Count Clawski, who had befriended the Englishman because he liked him, had brought the last news of him. Going down to the steamer to send off some important despatches, he had encountered Larkington on the gang-plank. The man had been too much overcome to speak, and had grasped the Count by the hand, and then staggered into the boat, accompanied by his servant Stirrups, who had said, by way of explanation,—
"My master has had some bad news, sir, which takes him away unexpectedly."
It was all very strange,—stranger that Gladys did not come home; perhaps she had seen the news in the morning paper, and had gone to her cousin Amelia's house to pass the day, and avoid meeting Mrs. Fallow-Deer.
"Poor girl," cried that good lady at last, when the final words had been said a hundred times on the exciting topic, and a hundred surmises made by Mr.
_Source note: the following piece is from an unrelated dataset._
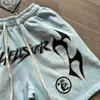 Herrenshorts Hellstar Retro Washed Light Blue Kurzarm Kordelzug High Street 1 Label Bedruckter Schlingenstoff Paar Freizeitkleidung 231215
Gray Grosvenor, "I must really drive down to Amelia's and find her."
It was three o'clock, the luncheon had protracted itself until a very late hour, and Mrs. Fallow-Deer, excusing herself from her guests, rang for her carriage, and was just preparing to start in quest of "the poor deceived darling,"—when Charles Farwell's card was brought up to her.
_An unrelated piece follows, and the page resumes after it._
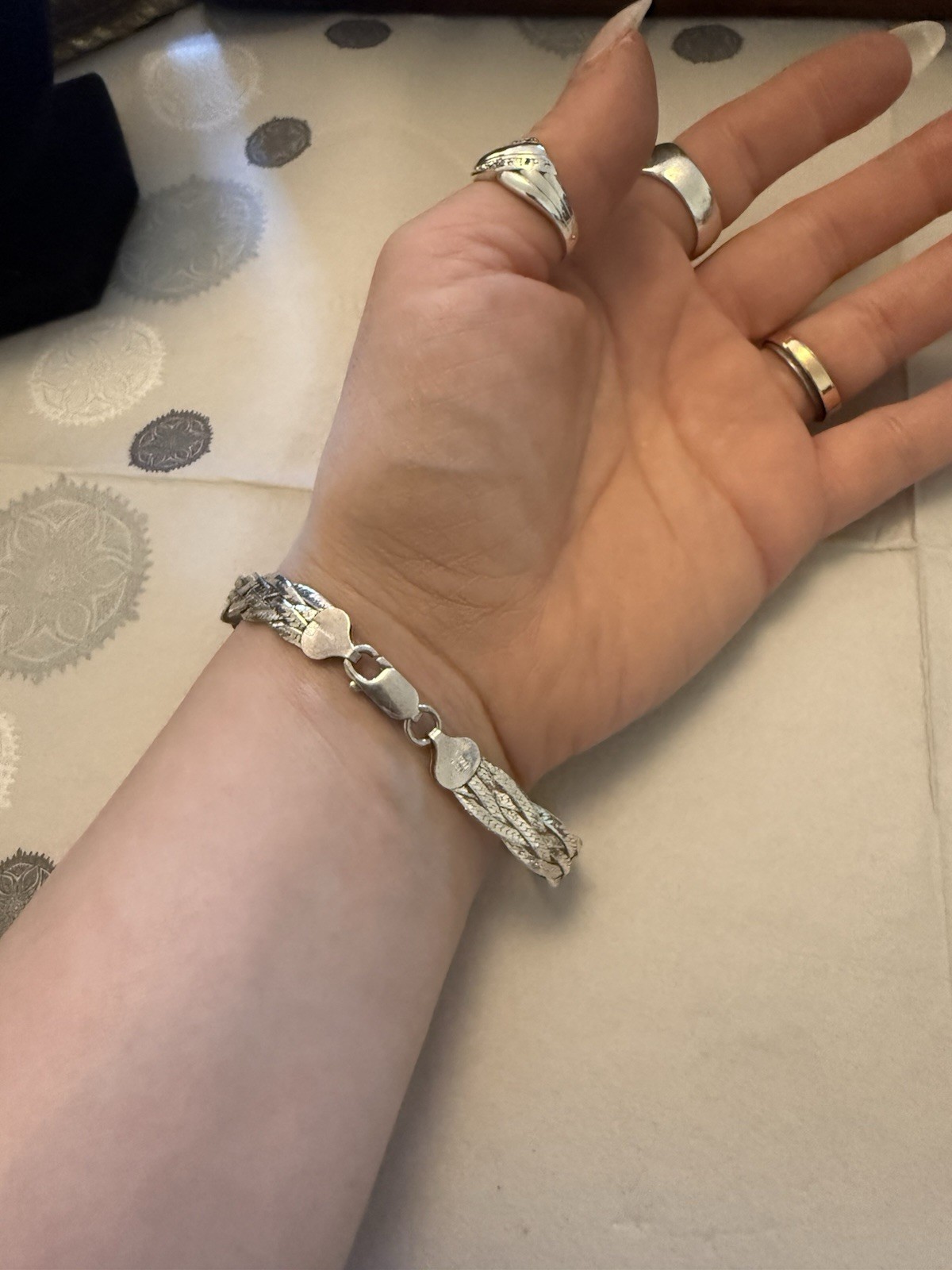 Beautiful Super Sparkly Solid Silver Multi Strand… - image 4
Into the great ballroom, which had lately been the scene of Gladys's triumph, the good-hearted matron went, trembling a little at the interview before her with the only male relative of Gladys who was likely to come and ask her explanation of the unfortunate affair.
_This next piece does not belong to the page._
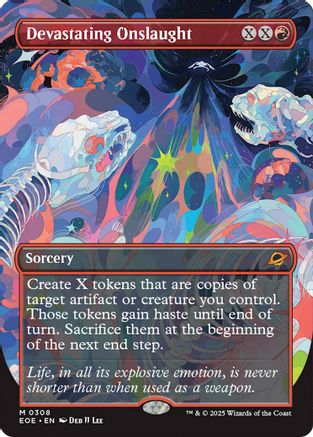Devastating Onslaught (Borderless) (EOE-308)  Foil - Edge of Eternities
There he stood by the mantelpiece, quite composed and quiet, but with a face which was bright with a light which had been missing from the ballroom on the night before.
On the sofa sat a queer little old gentleman with white hair and big spectacles, whom Farwell introduced as "the Rev. Abel Carleton, a cousin of Gladys's and of mine."
Poor Mrs. Fallow-Deer! she had been distressed at the idea of meeting one indignant relative, and here were two. It was almost more than she could bear, and, feeling that it was an occasion when a woman's best card should be played, she pressed her lace pocket-handkerchief to her eyes, and sobbed forth a broken greeting to the two gentlemen.
"My dear madam," said the Rev. Abel, gallantly, "pray do not cry. It is my duty to break to you a piece of news."
"No, no, Mr. Carleton, I have already heard of it," wailed Mrs. Fallow-Deer, "and what can I say? No one can suffer more than I, at this sad affair you certainly must know how entirely I was deceived by the young man."
"Indeed, ma'am, I was not aware that you had heard the news; but really, these tears, this distress—I cannot think, madam, that they are indicative of your real sentiments."
Mrs. Fallow-Deer bridled and dried her tears. "Mr. Carleton," she said in her most accentuated and dramatic manner, "I really do not understand you, sir; you seem inclined to make light of this terrible—this mortifying affair."
"Well, well, my dear madam, that is taking an extreme view of the case. It was without doubt sudden and perhaps rash; but, Mrs. Fallow-Deer, young folks are not so slow as we old ones in their thoughts or in their ways, and I thought sincerely that I was acting for the best in helping the young man—"
"What do you mean, Mr. Carleton?—Farwell, I don't understand it," said Mrs. Fallow-Deer, faintly.
"The fact is, dear Mrs. Fallow-Deer, I trust you won't be angry, but—Gladys—" stammered Farwell.
"Well, what about Gladys? Do you know where she is? I have not seen her to-day."
There was a little rustle, and from behind a curtain Gladys appeared, blushing, confused, radiant. She looked neither at Charles Farwell nor the Rev. Abel, but glided up to Mrs. Fallow-Deer, and, throwing her arms about that good lady's neck, buried her head on her tight-laced but motherly bosom, and whispered,—
"Dear, forgive us,—but I—am Charlie's wife."